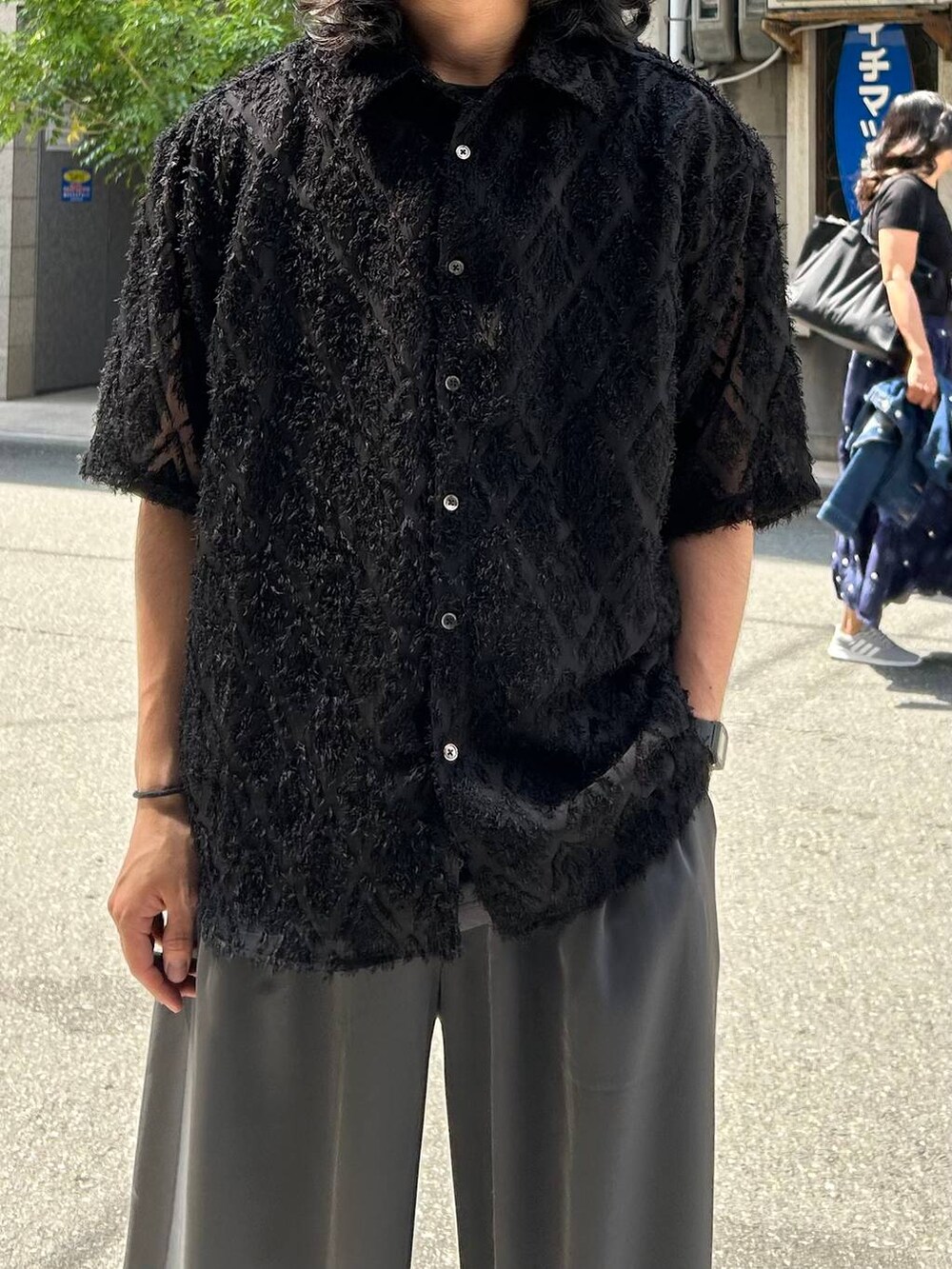 ブラック系のサンダル、グレー系のスラックス、ブラック系のTシャツ/カットソーを着用したメンズの夏コーディネートの2枚目の写真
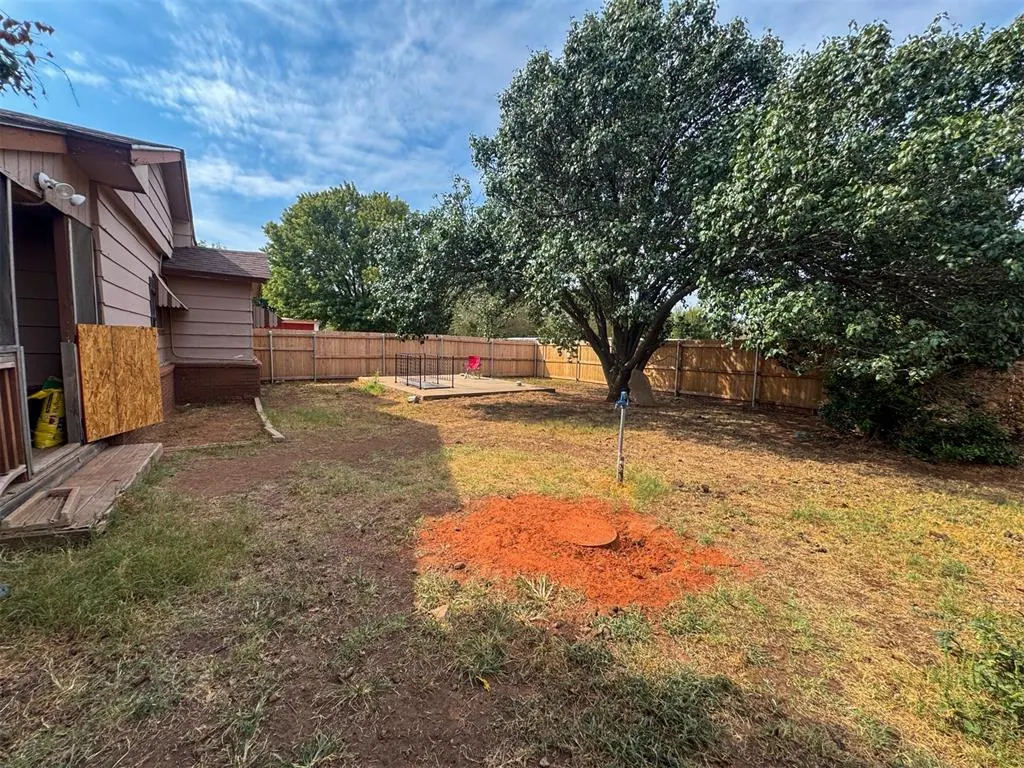 Photo 23 — 420 W 8th Street, Cordell, OK 73632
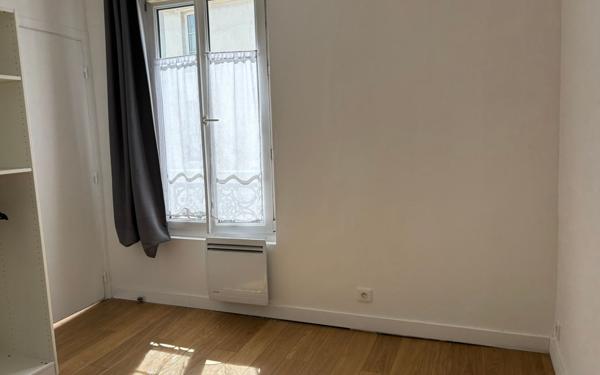 Appartement à louer    2 pièces • 35,75 m2 Paris 18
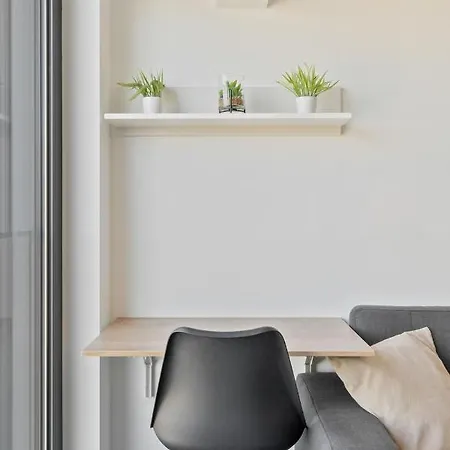 Apartamento Cloche D'or Proximity - Sleek Urban Space *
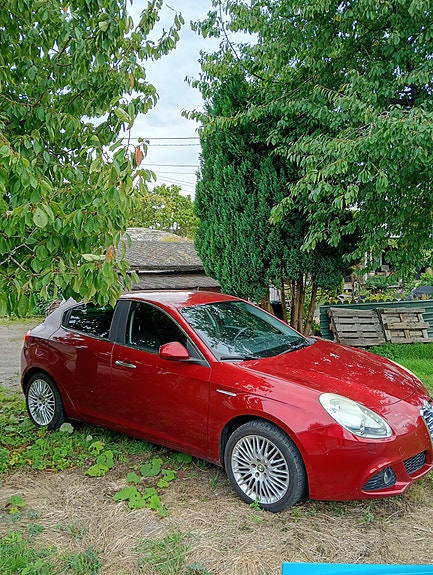 Alfa Romeo Giulietta 4 of 11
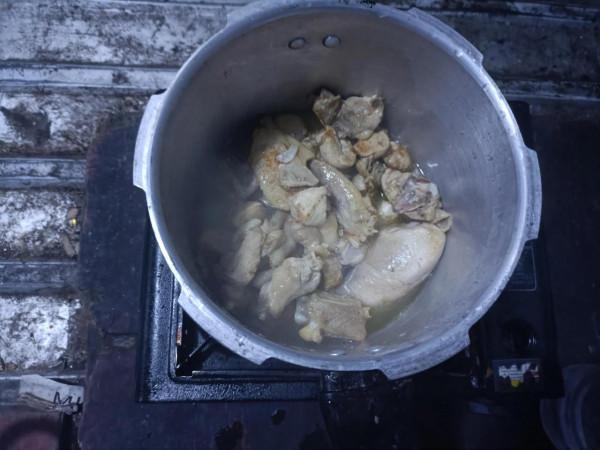 我們老家的雞是這樣做的,想看看你們家的做法 我們老家的雞是這樣做的,想看看你們家的做法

YOUR INSTRUCTIONS |
Please write out all the data again word for word, but not the pictures.

TASK SOLUTION |
 ブラック系のサンダル、グレー系のスラックス、ブラック系のTシャツ/カットソーを着用したメンズの夏コーディネートの2枚目の写真
 Photo 23 — 420 W 8th Street, Cordell, OK 73632
 Appartement à louer    2 pièces • 35,75 m2 Paris 18
 Apartamento Cloche D'or Proximity - Sleek Urban Space *
 Alfa Romeo Giulietta 4 of 11
 我們老家的雞是這樣做的,想看看你們家的做法 我們老家的雞是這樣做的,想看看你們家的做法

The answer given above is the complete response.